El sábado 6 de agosto es el día elegido por Juan Luis Portas para tratar de reunir al máximo número posible de familiares en una cita con misa preliminar, para acto seguido trasladarse al Pazo de Vista Real y disfrutar allí de una buena comida gracias a la colaboración del Concello vilanovés, al que los Pérez-Lafuente agradecen su gesto de cederles el inmueble, recién adquirido por la administración local en subasta pública.
Tras cuatro generaciones de Pérez-Lafuente desde que a finales del Siglo XIX nacía la saga conservera de Vilanova, el arbol genealógico ha visto cómo de su tronco común han ido surgiendo ramas y más ramas que se han ido extendiendo más allá de los confines del municipio arousano.
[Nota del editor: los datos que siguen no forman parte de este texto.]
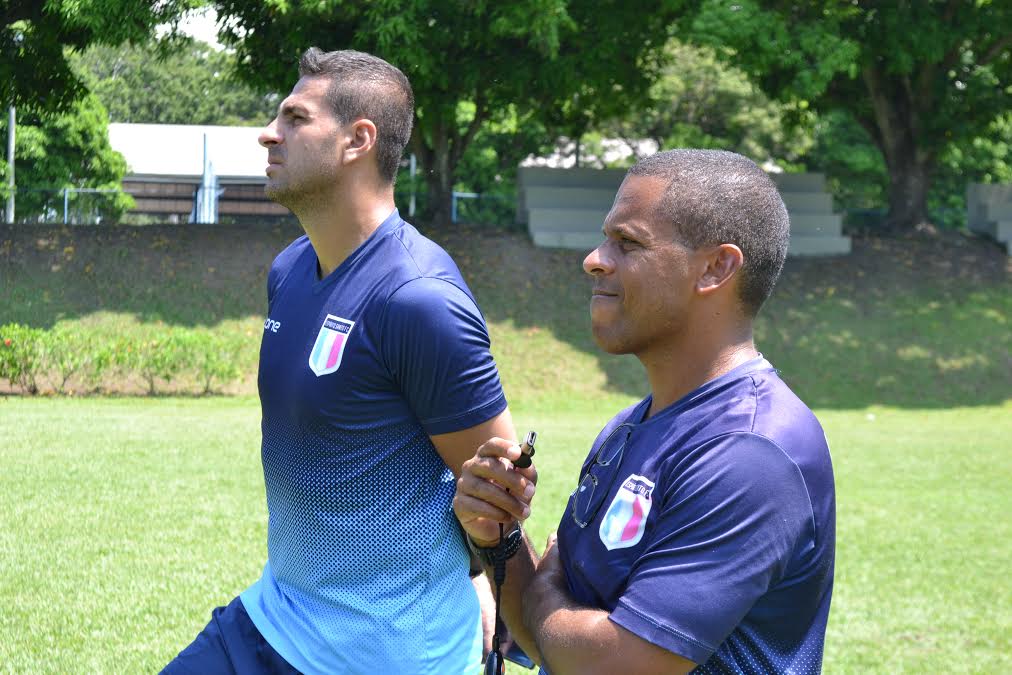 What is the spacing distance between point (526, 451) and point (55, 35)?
20660mm

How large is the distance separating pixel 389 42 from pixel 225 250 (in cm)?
562

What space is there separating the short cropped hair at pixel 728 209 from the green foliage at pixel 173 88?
76.9 feet

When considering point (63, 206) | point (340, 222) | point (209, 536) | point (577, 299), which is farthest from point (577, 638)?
point (63, 206)

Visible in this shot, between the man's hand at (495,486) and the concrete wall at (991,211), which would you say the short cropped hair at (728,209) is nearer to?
the man's hand at (495,486)

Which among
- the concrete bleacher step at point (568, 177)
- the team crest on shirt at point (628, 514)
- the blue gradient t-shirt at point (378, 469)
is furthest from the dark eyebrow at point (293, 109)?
the concrete bleacher step at point (568, 177)

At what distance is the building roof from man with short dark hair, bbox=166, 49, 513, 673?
33080 mm

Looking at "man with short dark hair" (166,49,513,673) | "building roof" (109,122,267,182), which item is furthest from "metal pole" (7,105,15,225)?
"man with short dark hair" (166,49,513,673)

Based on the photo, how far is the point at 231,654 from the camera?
10.5 feet

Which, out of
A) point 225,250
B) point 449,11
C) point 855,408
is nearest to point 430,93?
point 449,11

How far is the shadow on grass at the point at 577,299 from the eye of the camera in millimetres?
21906

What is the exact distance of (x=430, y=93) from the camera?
2448 centimetres

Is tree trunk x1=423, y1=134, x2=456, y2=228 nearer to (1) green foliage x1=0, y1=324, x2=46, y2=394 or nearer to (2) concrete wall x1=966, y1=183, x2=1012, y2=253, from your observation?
(1) green foliage x1=0, y1=324, x2=46, y2=394

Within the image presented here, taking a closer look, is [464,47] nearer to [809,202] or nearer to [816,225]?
[816,225]

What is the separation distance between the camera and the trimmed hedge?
17.8 m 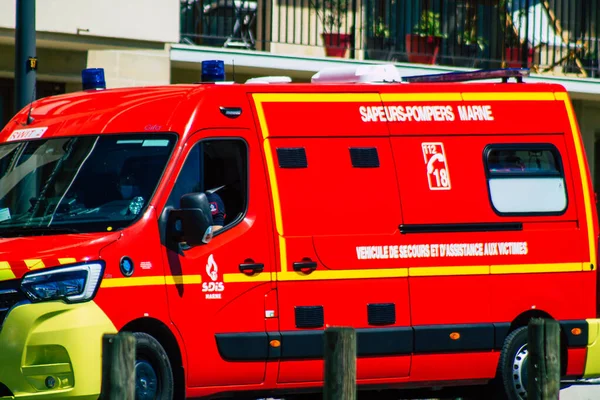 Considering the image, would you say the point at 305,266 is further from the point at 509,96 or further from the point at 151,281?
the point at 509,96

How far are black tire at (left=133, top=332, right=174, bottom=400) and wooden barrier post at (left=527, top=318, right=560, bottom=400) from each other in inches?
94.7

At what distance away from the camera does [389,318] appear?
33.8 feet

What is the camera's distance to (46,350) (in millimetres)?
8703

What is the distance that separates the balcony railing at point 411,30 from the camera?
19.1 metres

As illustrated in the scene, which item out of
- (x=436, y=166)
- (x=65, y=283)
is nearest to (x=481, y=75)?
(x=436, y=166)

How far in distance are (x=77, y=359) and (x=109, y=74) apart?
8503mm

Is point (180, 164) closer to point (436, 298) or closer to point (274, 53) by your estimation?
point (436, 298)

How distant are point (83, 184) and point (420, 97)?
273cm

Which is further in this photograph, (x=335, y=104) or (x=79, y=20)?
(x=79, y=20)

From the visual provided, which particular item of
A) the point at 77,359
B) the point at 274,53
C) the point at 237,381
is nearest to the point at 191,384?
the point at 237,381

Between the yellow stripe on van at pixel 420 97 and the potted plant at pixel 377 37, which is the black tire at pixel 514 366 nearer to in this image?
the yellow stripe on van at pixel 420 97

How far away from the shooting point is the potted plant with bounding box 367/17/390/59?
2003cm

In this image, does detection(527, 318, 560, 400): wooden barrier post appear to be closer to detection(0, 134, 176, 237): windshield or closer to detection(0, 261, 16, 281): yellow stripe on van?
detection(0, 134, 176, 237): windshield

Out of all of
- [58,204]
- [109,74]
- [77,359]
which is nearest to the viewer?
[77,359] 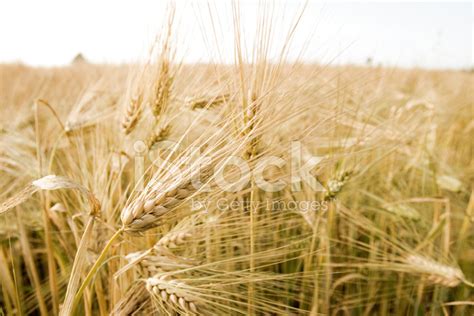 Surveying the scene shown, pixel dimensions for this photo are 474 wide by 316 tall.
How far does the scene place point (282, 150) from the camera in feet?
2.10

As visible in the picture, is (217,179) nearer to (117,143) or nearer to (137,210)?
(137,210)

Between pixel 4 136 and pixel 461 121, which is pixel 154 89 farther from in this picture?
pixel 461 121

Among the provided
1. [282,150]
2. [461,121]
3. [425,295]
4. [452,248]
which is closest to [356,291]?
[425,295]

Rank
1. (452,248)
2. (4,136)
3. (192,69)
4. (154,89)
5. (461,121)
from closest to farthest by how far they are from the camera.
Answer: (154,89) < (192,69) < (4,136) < (452,248) < (461,121)

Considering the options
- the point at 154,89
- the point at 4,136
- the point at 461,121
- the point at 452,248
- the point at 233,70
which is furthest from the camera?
the point at 461,121

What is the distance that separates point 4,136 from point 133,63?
482mm

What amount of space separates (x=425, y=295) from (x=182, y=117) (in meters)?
0.92

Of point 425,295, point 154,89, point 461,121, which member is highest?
point 154,89

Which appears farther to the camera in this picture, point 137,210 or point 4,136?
point 4,136

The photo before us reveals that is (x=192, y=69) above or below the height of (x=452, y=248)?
above

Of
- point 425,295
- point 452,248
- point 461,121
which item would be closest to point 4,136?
point 425,295

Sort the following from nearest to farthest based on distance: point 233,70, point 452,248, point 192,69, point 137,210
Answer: point 137,210 < point 233,70 < point 192,69 < point 452,248

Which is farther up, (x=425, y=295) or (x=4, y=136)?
(x=4, y=136)

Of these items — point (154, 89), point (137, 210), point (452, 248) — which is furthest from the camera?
point (452, 248) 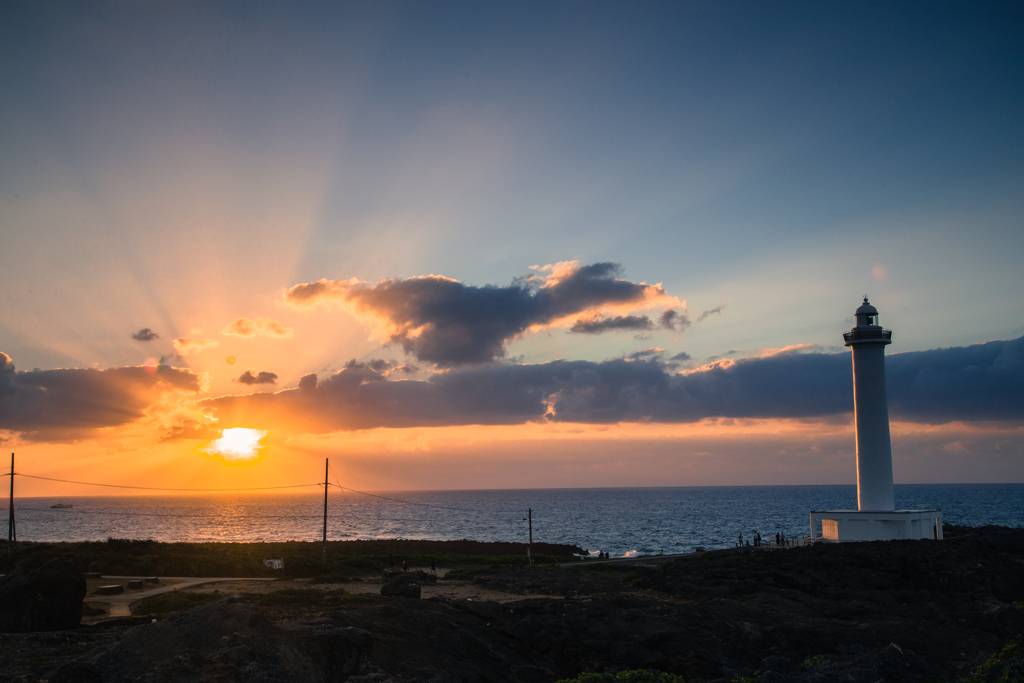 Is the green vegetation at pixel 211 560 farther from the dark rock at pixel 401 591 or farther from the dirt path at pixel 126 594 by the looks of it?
the dark rock at pixel 401 591

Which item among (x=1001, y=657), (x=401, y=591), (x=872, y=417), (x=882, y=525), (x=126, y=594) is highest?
(x=872, y=417)

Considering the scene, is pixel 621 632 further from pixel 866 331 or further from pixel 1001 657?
pixel 866 331

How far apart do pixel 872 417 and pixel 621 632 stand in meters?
30.8

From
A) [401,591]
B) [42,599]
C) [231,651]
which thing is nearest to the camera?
[231,651]

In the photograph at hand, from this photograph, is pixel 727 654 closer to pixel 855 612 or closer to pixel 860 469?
pixel 855 612

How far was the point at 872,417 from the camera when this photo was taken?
133 feet

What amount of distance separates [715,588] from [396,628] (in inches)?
627

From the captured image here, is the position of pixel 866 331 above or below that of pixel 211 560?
above

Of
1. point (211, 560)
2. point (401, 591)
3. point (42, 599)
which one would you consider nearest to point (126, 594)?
point (211, 560)

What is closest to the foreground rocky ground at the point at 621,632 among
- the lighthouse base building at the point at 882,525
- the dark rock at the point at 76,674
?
the dark rock at the point at 76,674

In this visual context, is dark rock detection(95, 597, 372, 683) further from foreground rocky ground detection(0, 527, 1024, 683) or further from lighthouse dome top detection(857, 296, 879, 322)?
lighthouse dome top detection(857, 296, 879, 322)

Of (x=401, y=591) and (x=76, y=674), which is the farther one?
(x=401, y=591)

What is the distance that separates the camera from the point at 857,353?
41312mm

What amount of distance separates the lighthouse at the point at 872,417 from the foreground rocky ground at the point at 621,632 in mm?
7563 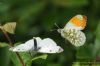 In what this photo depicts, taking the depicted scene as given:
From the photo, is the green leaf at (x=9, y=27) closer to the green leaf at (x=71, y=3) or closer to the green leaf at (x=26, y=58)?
the green leaf at (x=26, y=58)

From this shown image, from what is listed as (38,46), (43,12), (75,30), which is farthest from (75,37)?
(43,12)

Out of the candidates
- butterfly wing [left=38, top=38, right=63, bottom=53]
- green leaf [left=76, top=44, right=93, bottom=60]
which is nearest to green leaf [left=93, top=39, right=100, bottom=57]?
green leaf [left=76, top=44, right=93, bottom=60]

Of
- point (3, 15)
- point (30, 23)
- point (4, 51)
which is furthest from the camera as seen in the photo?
point (30, 23)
En su mayoría, para recalar en la vecina Vilagarcía, pero también para iniciar nuevos caminos en A Coruña, Bilbao, Vigo o Porto. Una historia con origen en la idea de un tatarabuelo tabernero de empezar a meter sardinas en pilones y prepararlas en salmuera, llevada más allá por uno de sus hijos, el fundador de la conservera.